### PROBLEM DETAILS
Using the data that follows, return exactly the lines from the one that contains "Inspirational pillow with" through the one that contains "Aromatic homemade vanilla", ends included.

◆ ◆ ◆ ◆ ◆

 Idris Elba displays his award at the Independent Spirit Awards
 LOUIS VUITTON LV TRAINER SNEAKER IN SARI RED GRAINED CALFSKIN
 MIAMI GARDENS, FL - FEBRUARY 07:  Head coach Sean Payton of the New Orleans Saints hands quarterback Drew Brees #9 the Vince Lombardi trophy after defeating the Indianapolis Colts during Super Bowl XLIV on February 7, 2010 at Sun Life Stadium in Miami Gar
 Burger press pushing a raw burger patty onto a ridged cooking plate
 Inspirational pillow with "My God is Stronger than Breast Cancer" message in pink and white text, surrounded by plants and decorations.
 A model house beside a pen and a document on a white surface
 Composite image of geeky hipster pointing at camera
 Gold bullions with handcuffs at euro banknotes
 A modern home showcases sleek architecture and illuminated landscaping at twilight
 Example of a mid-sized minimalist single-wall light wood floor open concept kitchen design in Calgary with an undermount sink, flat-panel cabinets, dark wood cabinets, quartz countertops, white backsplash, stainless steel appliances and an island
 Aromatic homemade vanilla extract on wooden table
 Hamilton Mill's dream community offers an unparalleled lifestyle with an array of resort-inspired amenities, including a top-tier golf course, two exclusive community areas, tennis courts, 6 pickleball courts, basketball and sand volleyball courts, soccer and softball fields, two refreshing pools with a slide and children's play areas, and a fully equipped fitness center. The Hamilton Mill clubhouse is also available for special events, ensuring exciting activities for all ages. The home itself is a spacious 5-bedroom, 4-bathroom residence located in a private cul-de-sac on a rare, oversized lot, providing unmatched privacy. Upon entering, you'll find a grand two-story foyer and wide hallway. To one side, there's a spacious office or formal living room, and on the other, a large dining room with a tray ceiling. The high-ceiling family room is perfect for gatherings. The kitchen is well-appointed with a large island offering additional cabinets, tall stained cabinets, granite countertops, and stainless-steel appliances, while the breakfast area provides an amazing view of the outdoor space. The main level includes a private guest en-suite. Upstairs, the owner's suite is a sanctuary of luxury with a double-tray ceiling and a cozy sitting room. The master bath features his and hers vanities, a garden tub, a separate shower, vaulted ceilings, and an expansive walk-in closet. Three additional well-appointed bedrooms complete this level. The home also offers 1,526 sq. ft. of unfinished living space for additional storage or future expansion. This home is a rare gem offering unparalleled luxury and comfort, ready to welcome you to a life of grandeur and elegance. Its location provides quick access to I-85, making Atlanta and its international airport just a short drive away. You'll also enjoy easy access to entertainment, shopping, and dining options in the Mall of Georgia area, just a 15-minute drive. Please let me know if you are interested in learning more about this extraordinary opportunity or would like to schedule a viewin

◆ ◆ ◆ ◆ ◆

### RESPONSE
 Inspirational pillow with "My God is Stronger than Breast Cancer" message in pink and white text, surrounded by plants and decorations.
 A model house beside a pen and a document on a white surface
 Composite image of geeky hipster pointing at camera
 Gold bullions with handcuffs at euro banknotes
 A modern home showcases sleek architecture and illuminated landscaping at twilight
 Example of a mid-sized minimalist single-wall light wood floor open concept kitchen design in Calgary with an undermount sink, flat-panel cabinets, dark wood cabinets, quartz countertops, white backsplash, stainless steel appliances and an island
 Aromatic homemade vanilla extract on wooden table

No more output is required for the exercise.